Beneath this instruction is a listing; print exactly the lines in it starting at the line that contains "FULL TOYOTA MAIN" and going through the line that contains "HopeHeaven webcam model stream image".

**Material provided**
Segment Open
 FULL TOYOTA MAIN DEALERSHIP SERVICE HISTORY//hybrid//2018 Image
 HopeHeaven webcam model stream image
Segment Closed
Segment Open
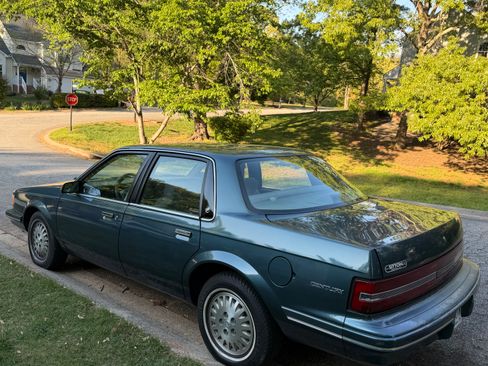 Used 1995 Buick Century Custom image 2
Segment Closed
**Expected output**
 FULL TOYOTA MAIN DEALERSHIP SERVICE HISTORY//hybrid//2018 Image
 HopeHeaven webcam model stream image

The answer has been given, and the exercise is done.